Data extract
========================

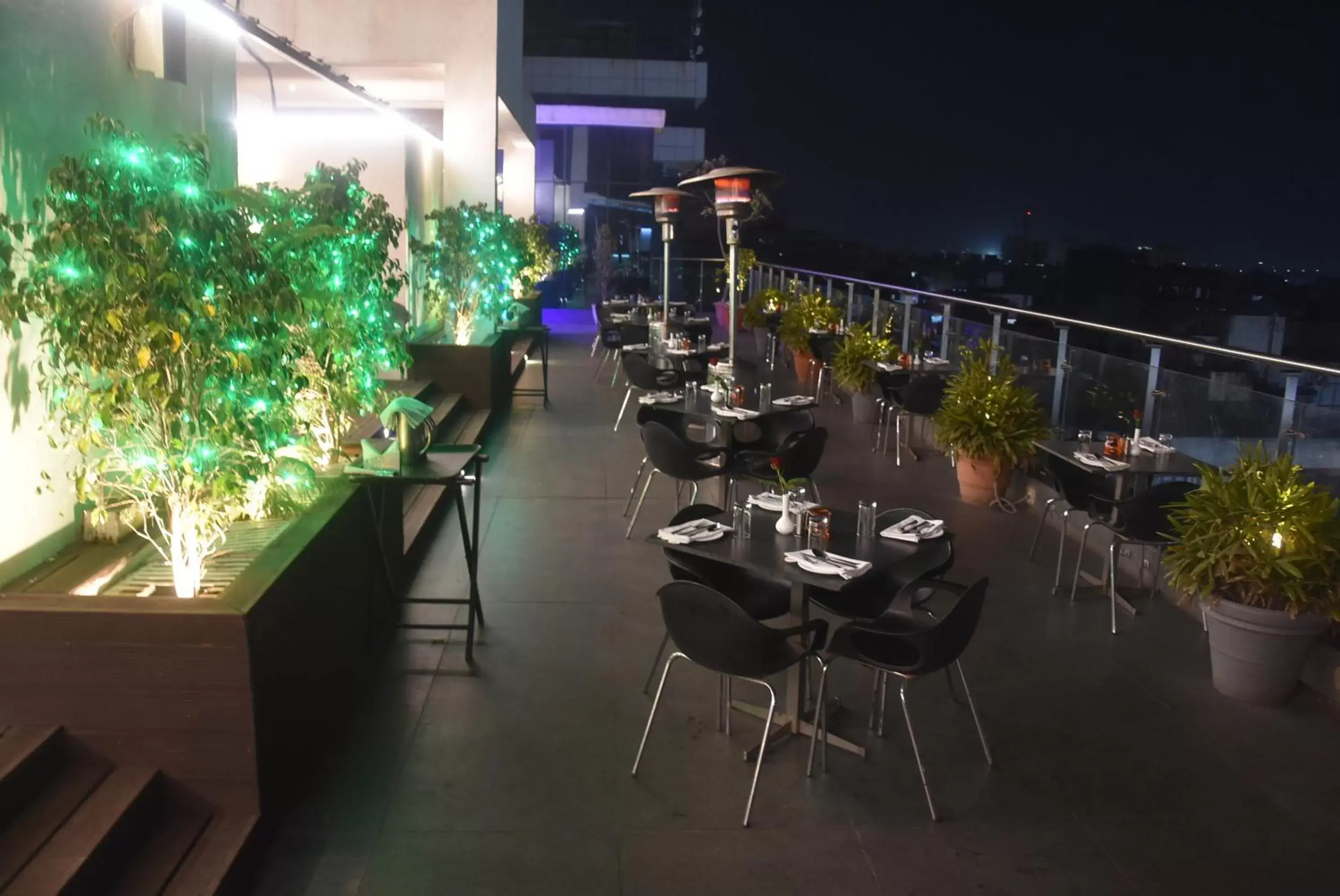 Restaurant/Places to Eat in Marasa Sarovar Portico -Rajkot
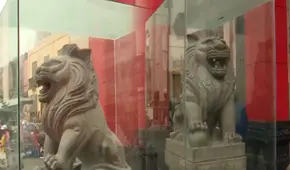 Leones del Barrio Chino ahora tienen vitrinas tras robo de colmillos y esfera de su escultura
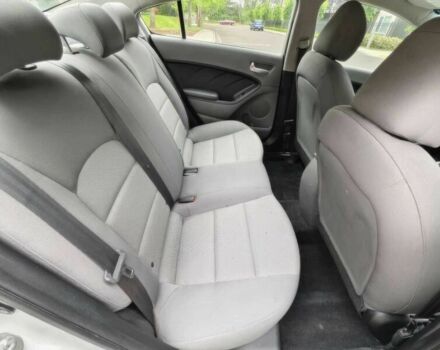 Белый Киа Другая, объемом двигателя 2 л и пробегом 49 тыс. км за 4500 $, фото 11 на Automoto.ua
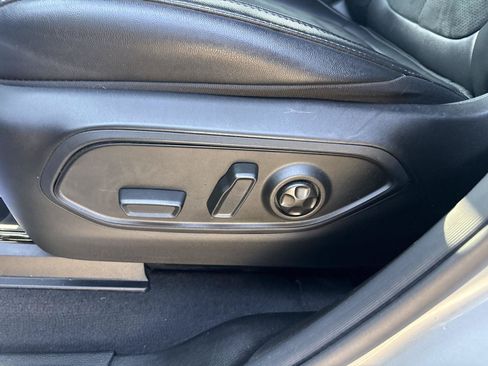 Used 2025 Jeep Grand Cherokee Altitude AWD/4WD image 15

========================

What is needed
Without any pictures, please write out the lines from the one containing "Leones del Barrio" through the final line of the data, exactly and inclusive of both ends.

Exercise solution
 Leones del Barrio Chino ahora tienen vitrinas tras robo de colmillos y esfera de su escultura
 Белый Киа Другая, объемом двигателя 2 л и пробегом 49 тыс. км за 4500 $, фото 11 на Automoto.ua
 Used 2025 Jeep Grand Cherokee Altitude AWD/4WD image 15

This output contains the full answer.